The reason why MDI prepolymerization technology is used is that the free foaming density of MDI-based foams is higher than that of TDI-based, and in order to maintain the same foaming density, the MDI system requires a higher amount of water. However, as the amount of water in the system increases, the ratio of urea group/carbamate increases, which tends to separate the urea phase from the microregion of the polyether soft segments, resulting in unstable foams and leading to a stiff foam feel and poor aging properties. The use of prepolymer technology to prepare MDI-based slow resilient foams, i.e., the use of high molecular weight, multi-hydroxyl compounds to react with MDI to form prepolymers, can realize the control of the phase separation process in the foaming process, thus achieving the purpose of improving the final properties of foams. Especially in the preparation of low density foam, MDI prepolymer technology is more important. Secondly, the prepolymerization modification of MDI can also significantly improve the storage performance of MDI components.
2 Main chemical properties of MDI
Preparation of slow rebound block bubble TDI is usually 2, 4 body accounted for 80% (mass fraction, the same below), 2, 6 body accounted for 20%, colorless or yellowish transparent liquid at room temperature, with a strong irritating odor, in 10 ℃ below the emergence of crystals, is a highly toxic and dangerous goods, the transportation has strict requirements. MDI used in this experiment can be stored at 0 ℃, room temperature is liquid. MDI no irritating odor, 25 ℃ vapor pressure of about 1.33 × 10-3 Pa, 1/2700 for TDI, volatility is small, relatively small toxicity to the human body, is a non-hazardous product, no special requirements for transportation, in the production, foaming process without pollution, conducive to industrial safety protection, by the production, It is welcomed by production and construction personnel. From the molecular structure, MDI and TDI molecular structure is similar, both contain -NCO and benzene ring structure. Experimental results show that MDI and TDI have the following differences:
Reactivity difference
In the TDI system, TDI is mainly 2,4-TDI, due to the spatial resistance, when the 4-position isocyanate group reacts preferentially, the reactivity of the 2-position group is greatly reduced; whereas in the MDI system, the structurally symmetric 4,4-MDI is mainly, with less spatial resistance, so the reactivity is relatively high, which results in the foam of the MDI system with the advantages of fast maturation speed and short debonding time, and the proportion of catalyst is reduced, and a certain degree of catalyst is reduced, so the foam of MDI system has the advantages of fast maturation speed and short debonding time, and the catalyst is reduced. Reducing the proportion of catalyst reduces the atomization performance of the foam to a certain extent, and at the same time improves the production efficiency.

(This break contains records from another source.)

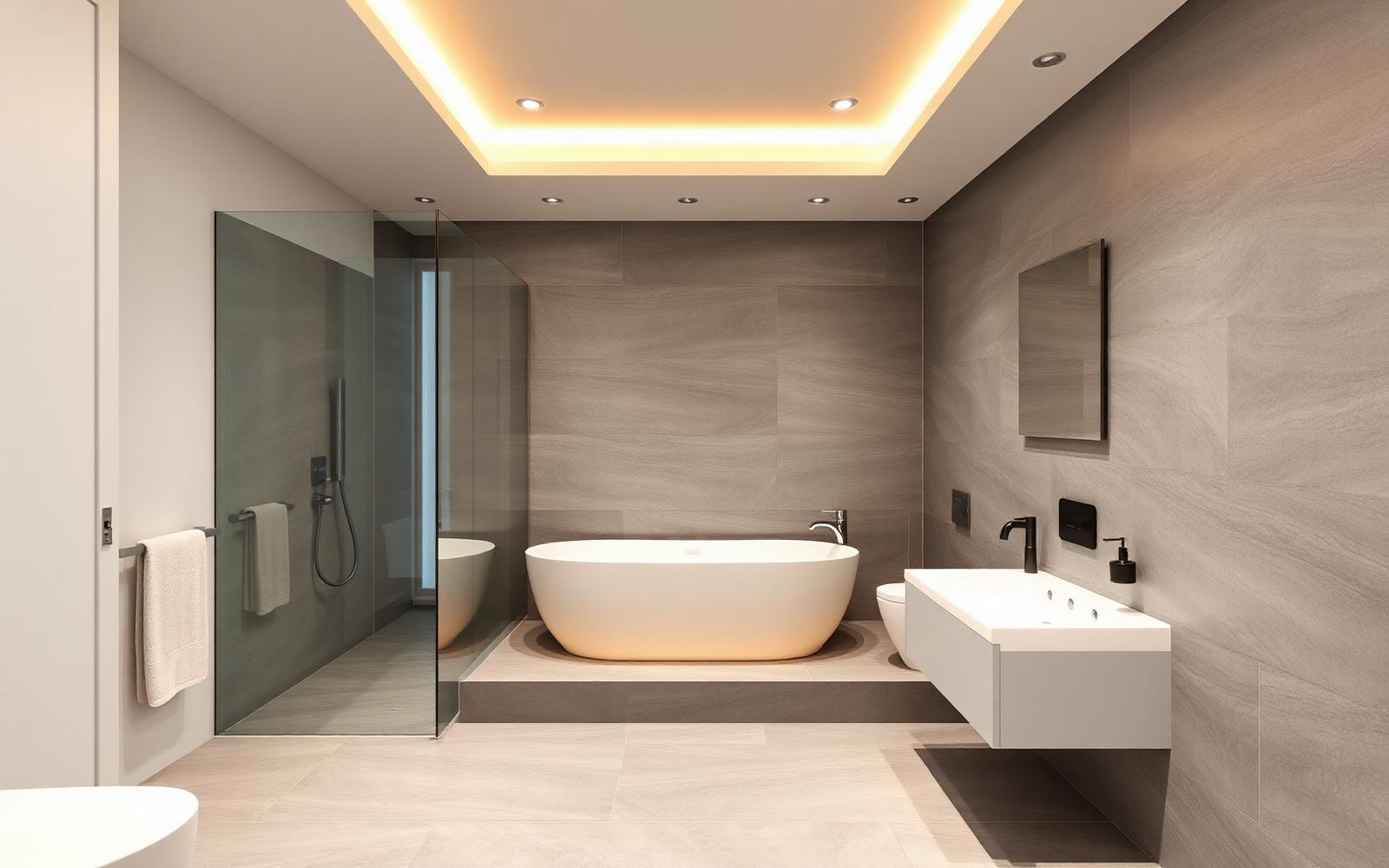 Rifacimento bagno con doccia a filo pavimento — Livorno, Ardenza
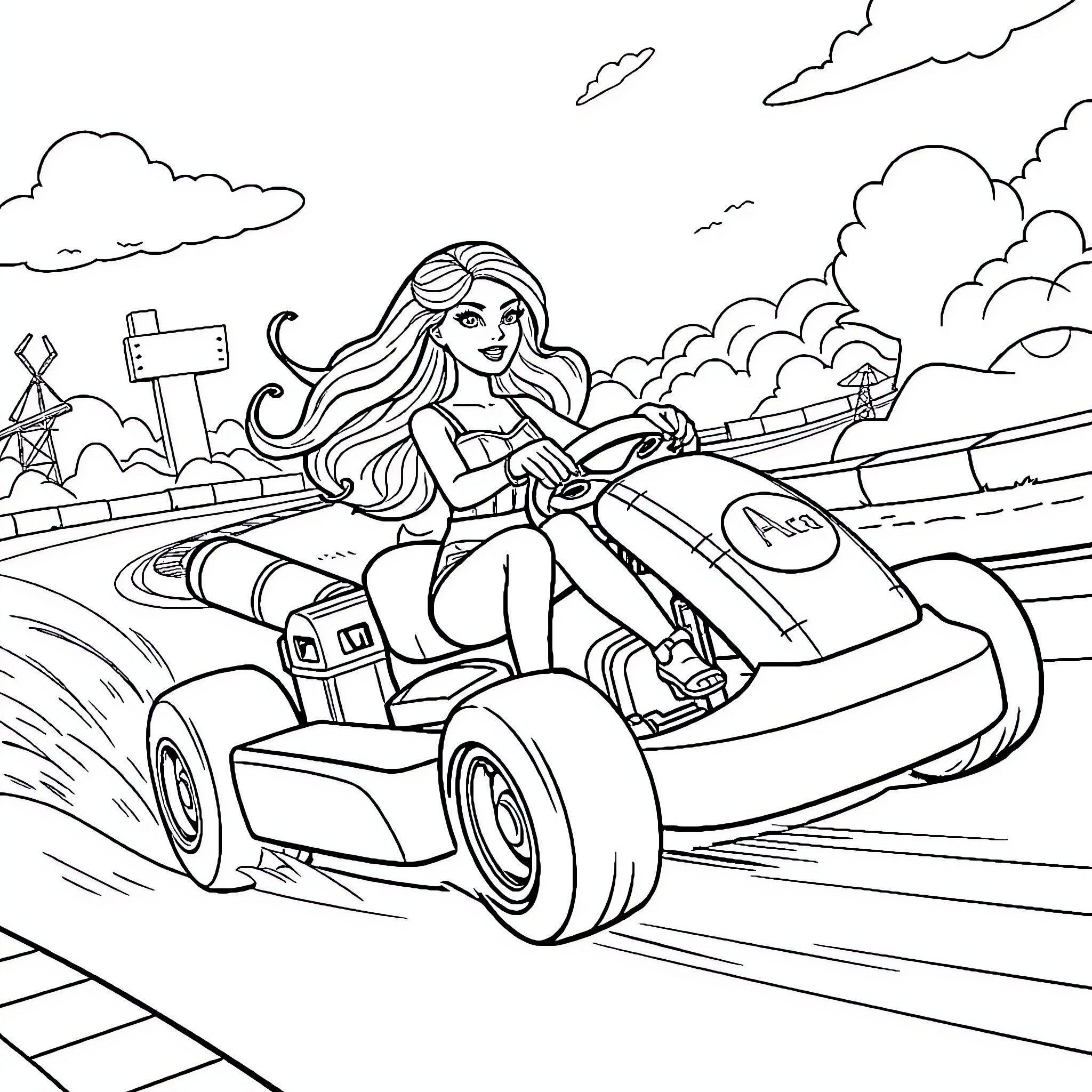 Barbie racing on the go-kart Coloring Page (free black-and-white line drawing printable PDF for all, from beginners to advanced learners, including children, teens, adults, and seniors)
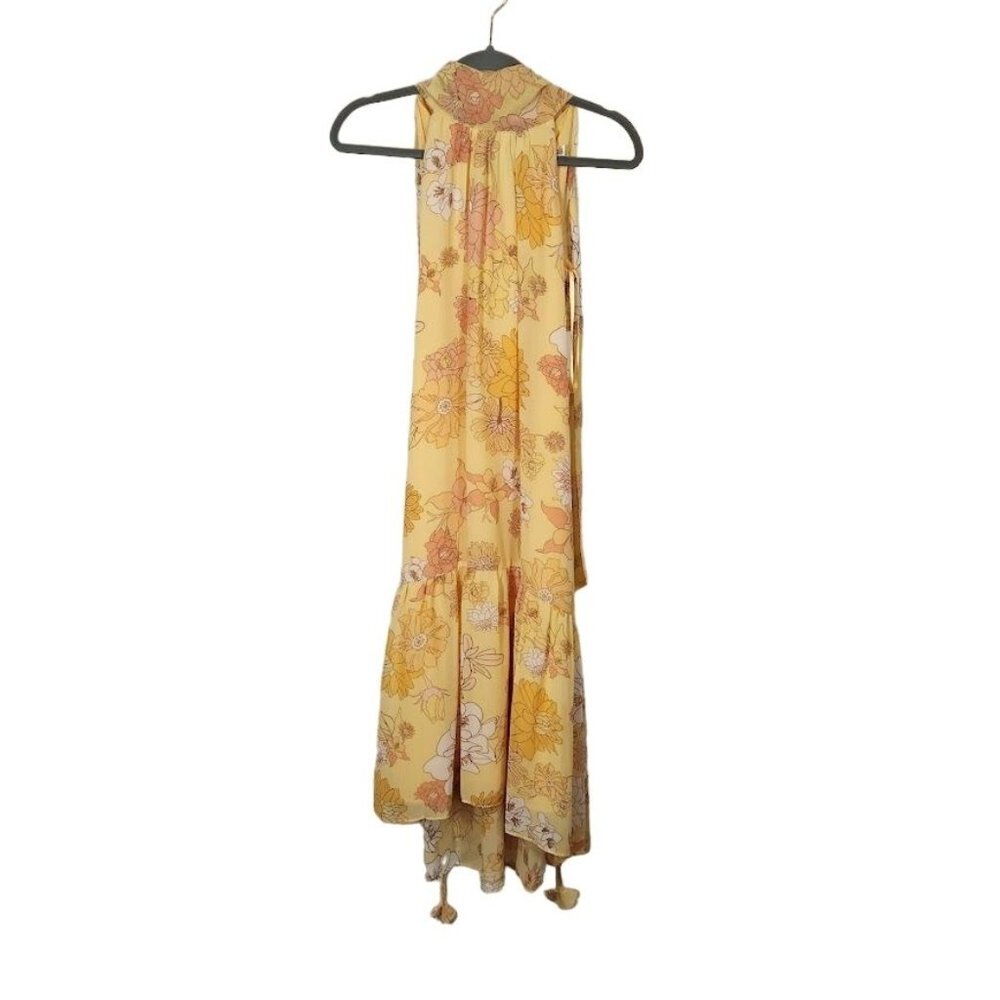 ELIZA J Dress Floral Halter Neck Maxi Dress in Yellow - Size 2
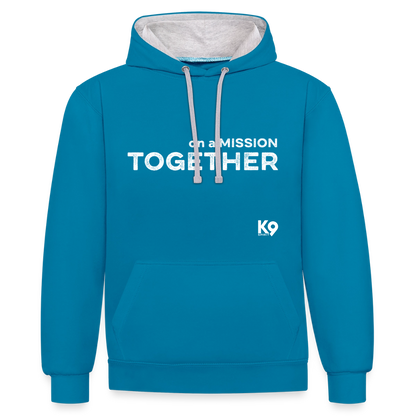 K9 Bicolor-Hoodie "on a MISSION TOGETHER" - Pfauenblau/Grau meliert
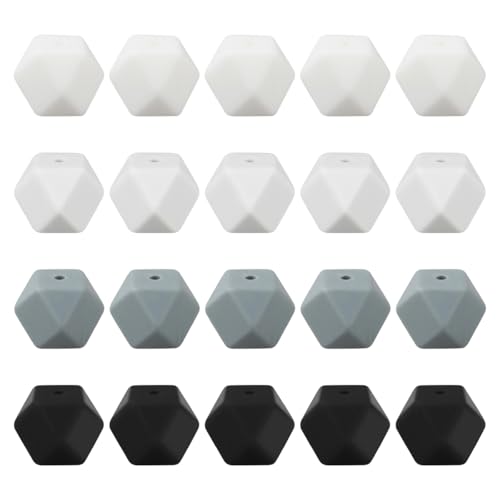 LKXHarleya 20 Stück polygonale lose Gummiperlen, 14 mm Silikon-Sechseckperlen für Stifte, Halsketten, Armbänder, Schlüsselanhänger, Schmuckherstellung, DIY-Kunsthandwerk, Set 9 von LKXHarleya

Difference in foaming multiplicity
Since the NCO% content of MDI is lower than that of TDI, the free foaming density of MDI system is higher than that of TDI system with the same amount of water. Figure 1 compares the same amount of water, TDI and MDI system free foaming density difference. In order to ensure the same foaming ratio, MDI system needs higher water quantity, and the increase of water quantity will obviously affect the basic physical properties such as foam resilience. Therefore, the development of slow resilient foam of MDI system, especially the low density, puts forward higher requirements on the technical level of formulation than TDI system.
Relationship between free foaming density and water quantity for TDI and MDI systems
Hardness difference
Compared with TDI, MDI has two benzene rings, higher cohesion energy, higher hardness of the prepared foam, which can reduce the isocyanate index, on the one hand, it can make up for the impact of the density on the cost, on the other hand, it alleviates the impact of small molecule organic matter in the polyether system on the atomization performance of the foam.
Another outstanding advantage of MDI-based slow resilient foam: the foam hardness is more obvious with the isocyanate index, Figure 2 shows the different hardness trends of TDI and MDI systems with the change of isocyanate index.

TDI and MDI system hardness change curve with index
3. Experimental part
Main raw materials
Soft foam polyether: hydroxyl value 56mg(KOH)/g; slow rebound polyether: hydroxyl value 240 mg(KOH)/g; amine catalyst; tin catalyst; organosilicone leveling agent; pore opener; purified water; Beijing Kejiu Modified MDI wannate8107, the NCO content of about 31-32%.
Main equipment
Electronic universal material testing machine, Zwick Z005, Zwich Instruments, Germany; horizontal combustion meter, SPF-01, Fangshan Instrument and Equipment Factory, Jiangding County, Nanjing; DMA (Dynamic Thermomechanical Meter), Q800, TA Instruments, USA; Optical microscope, S8APO, Beijing BORUN MINGGUANG Science and Trade Co.
Test methods
Table 1 Foam test content and cited standards
Manual foaming
Foaming conditions: room temperature is 20~30℃, material temperature is 22℃.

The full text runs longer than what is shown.